### Aim of the exercise
Output the listing below in full, exactly as written.

### Input data
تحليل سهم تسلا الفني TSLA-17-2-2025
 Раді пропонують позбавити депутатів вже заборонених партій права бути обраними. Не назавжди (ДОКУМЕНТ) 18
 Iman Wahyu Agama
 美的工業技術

### Answer box
تحليل سهم تسلا الفني TSLA-17-2-2025
 Раді пропонують позбавити депутатів вже заборонених партій права бути обраними. Не назавжди (ДОКУМЕНТ) 18
 Iman Wahyu Agama
 美的工業技術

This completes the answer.